A local hacker has been working on me for about 6 months. A local shop set up ESET for me. Then I began running *ipconfig /flushdns* set to run every 3 seconds in one instance and then running 10-20 instances at one time. I monitored with *netstat -b* set to run every 4 seconds. Also, I used the *hosts* file to send some foreigners to 127.0.0.1. It appears that the hacker has lost interest in me. But some of his _software_ remains and I have to deal with that.

My machine has just been tested at _Shields Up,_ and it passed.

I came across the idea of using a router behind a router on this forum. What would the extra router give me? Are there specialized routers that would give me an extra 1-2 punch?


----------



## Fjandr (Sep 26, 2012)

It won't do you any good. The only hardware that may help would be a dedicated hardware firewall.


----------



## Stephen Bowles (Jan 28, 2011)

Hi pbone_tsf,

As Fjandr has said, an extra router will not help you in your security endeavours.

[OUTSIDE WORLD/CLOUD/INTERNET] *<->* ROUTER* <->* Your Machine

[OUTSIDE WORLD/CLOUD/INTERNET] *<->* ROUTER *<->* ROUTER *<->* Your Machine

Information being sent to or from your system will not be affected by the additional router. All the router will do, is pass the information to your machine (or in your direction).
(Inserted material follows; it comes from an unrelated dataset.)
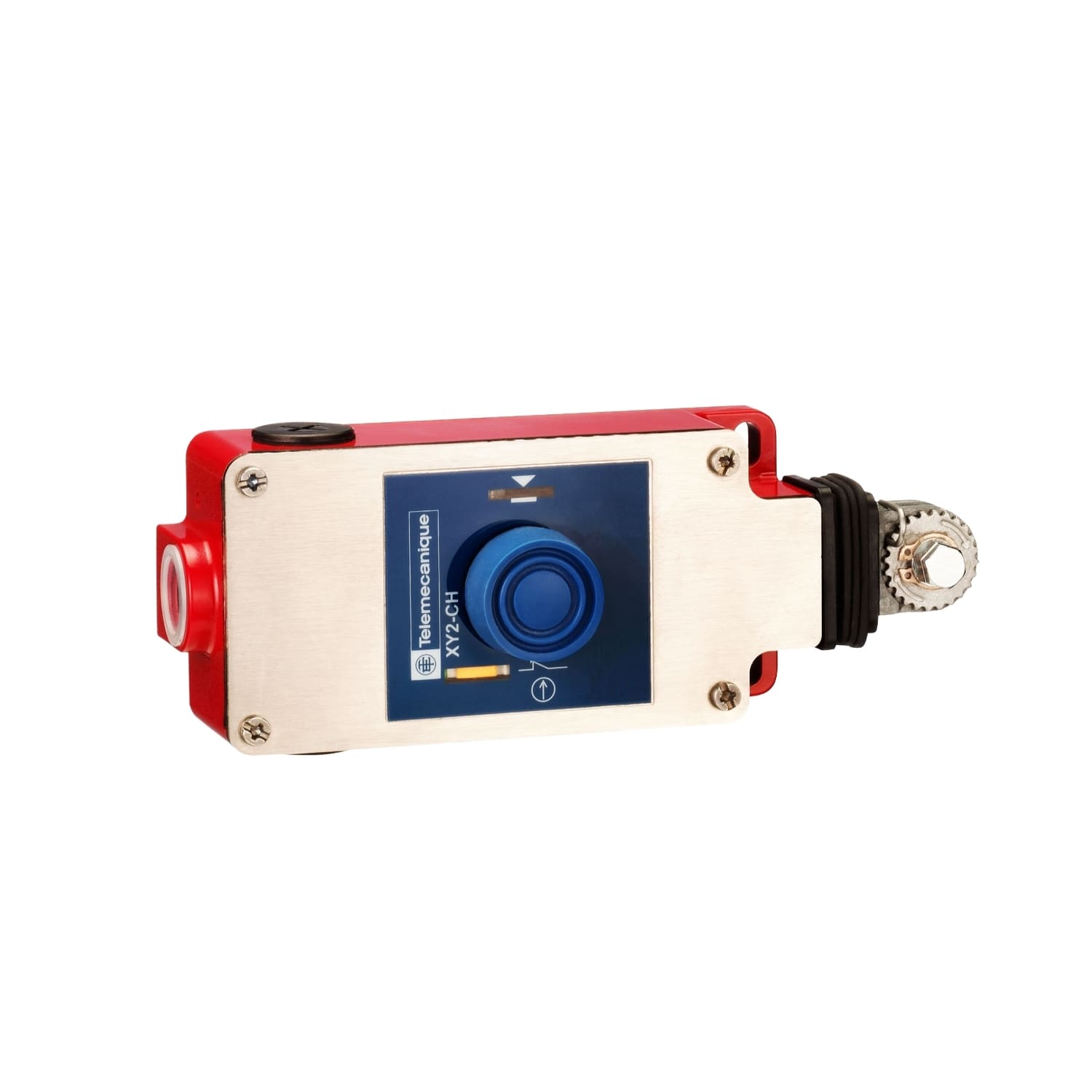 YAGEO TMSS ITALY SRL - TSIXY2CH13290H29 INTERR. SICUREZZ CAVO 2NC+1NO M20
Assuming a home environment, then if this _hacker _has gained access to your machine by connecting to your router (Wireless Access Point), then you could potentially change the configuration to only allow certain systems (MAC addresses) to connect. If however, the hacker has been performing their _attacks _from the outside world, then you need to invest in a good firewall.


----------



## pbone_tsf (Apr 29, 2011)

What makes for a *good* firewall? Please be specific.


----------



## Wand3r3r (Sep 17, 2010)

Google Sonicwall


----------